Technologies that can access another system remotely and administer commands on the remote system, or monitor user activities without user notification or consent.

Putty, PsExec, TeamViewer

Tool

Programs that offer administrative features but can be used to facilitate attacks or intrusions.

Nmap, Nessus, P0f

Malware

The Cylance research team has definitively identified the file as malware, the file should be removed or quarantined as soon as possible.

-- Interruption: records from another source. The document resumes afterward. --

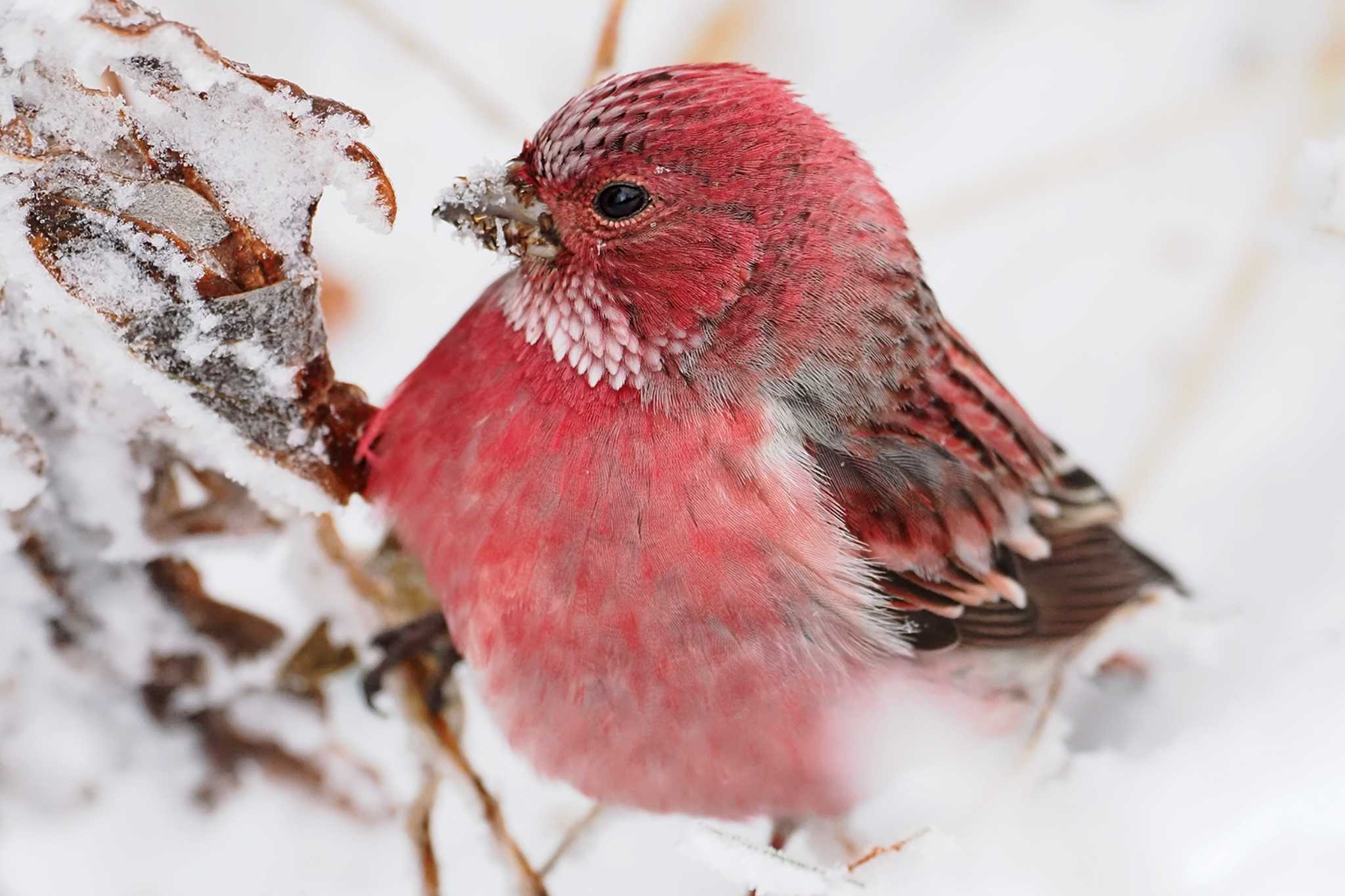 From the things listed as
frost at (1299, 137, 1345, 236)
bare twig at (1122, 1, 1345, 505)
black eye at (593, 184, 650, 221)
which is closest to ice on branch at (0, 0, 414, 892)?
black eye at (593, 184, 650, 221)

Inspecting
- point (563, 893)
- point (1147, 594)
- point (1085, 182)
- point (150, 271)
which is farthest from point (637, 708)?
A: point (1085, 182)

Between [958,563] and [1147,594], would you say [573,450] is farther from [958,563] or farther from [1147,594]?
[1147,594]

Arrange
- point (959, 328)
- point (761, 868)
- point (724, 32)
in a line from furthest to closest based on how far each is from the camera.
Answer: point (959, 328)
point (724, 32)
point (761, 868)

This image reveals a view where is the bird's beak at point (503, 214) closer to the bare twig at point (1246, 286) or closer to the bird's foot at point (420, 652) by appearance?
the bird's foot at point (420, 652)

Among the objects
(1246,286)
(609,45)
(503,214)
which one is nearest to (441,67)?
(609,45)

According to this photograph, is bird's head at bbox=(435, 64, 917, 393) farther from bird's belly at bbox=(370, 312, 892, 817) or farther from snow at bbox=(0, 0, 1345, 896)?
snow at bbox=(0, 0, 1345, 896)

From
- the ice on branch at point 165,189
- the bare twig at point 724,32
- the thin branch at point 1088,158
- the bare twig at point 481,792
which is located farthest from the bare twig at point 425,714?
the thin branch at point 1088,158

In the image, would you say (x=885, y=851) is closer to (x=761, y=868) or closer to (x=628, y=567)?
(x=761, y=868) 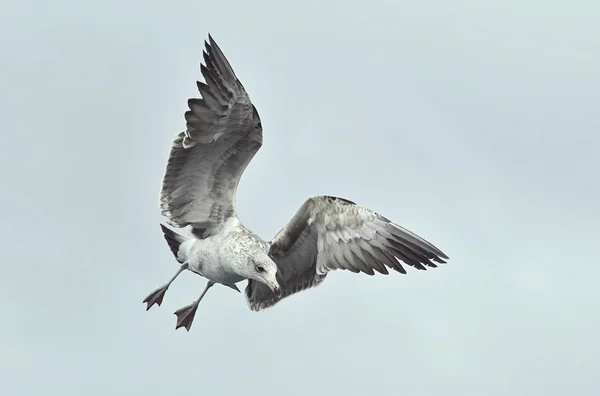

Malware is divided into subclasses (see below).

Subclass

Definition

Examples

Backdoor

Malware that provides unauthorized access to a system, bypassing security measures.

Back Orifice, Eleanor

Bot

Malware that connects to a central Command and Control (C&C) botnet server.

QBot, Koobface

Downloader

Malware that downloads data to the host system.

Staged-Downloader

Dropper

Malware that installs other malware on a system.

Exploit

Malware that attacks a specific vulnerability on the system.

FakeAlert

Malware that masquerades as legitimate security software to trick the user into fixing fake security problems at a price.

Fake AV White Paper

Generic

Any malware that does not fit into an existing category.

InfoStealer

Malware that records login credentials and/or other sensitive information.

Snifula

Ransom

Malware that restricts access to system or files and demands payment for removal of restriction, thereby holding the system for ransom.

CryptoLocker, CryptoWall

Remnant

Any file that has Malware remnants after trying to remove it.

Rootkit

Malware that enables access to a computer while shielding itself or other files to avoid detection and/or removal by administrators or security technologies.

TDL, Zero Access Rootkit

Trojan

Malware that disguises itself as a legitimate program or file.

Zeus

Virus

Malware that propagates by inserting or appending itself to other files.

Sality, Virut

Worm

Malware that propagates by copying itself to another device.

Code Red, Stuxnet

The Cylance Smart Antivirus Dashboard supports the following web browsers:

Google Chrome (latest version)

Mozilla Firefox (latest version)

Microsoft Edge (latest version)

Microsoft Internet Explorer version 10 or higher (with latest updates)

Cylance Smart Antivirus identifies threats as either Abnormal or Suspicious.

Abnormal - A file with enough resemblance to a malicious file that it would be safer to block this file instead of allowing it to run on your device.

Suspicious - A file that is most likely a malicious file (Malware, Potentially Unwanted Program (PUP), or Dual Use) and should be quarantined.

Note: It is recommended that you allow Cylance Smart Antivirus to quarantine Suspicious and Abnormal files. If a file you know and trust is blocked by Cylance Smart Antivirus, you can allow that file to run.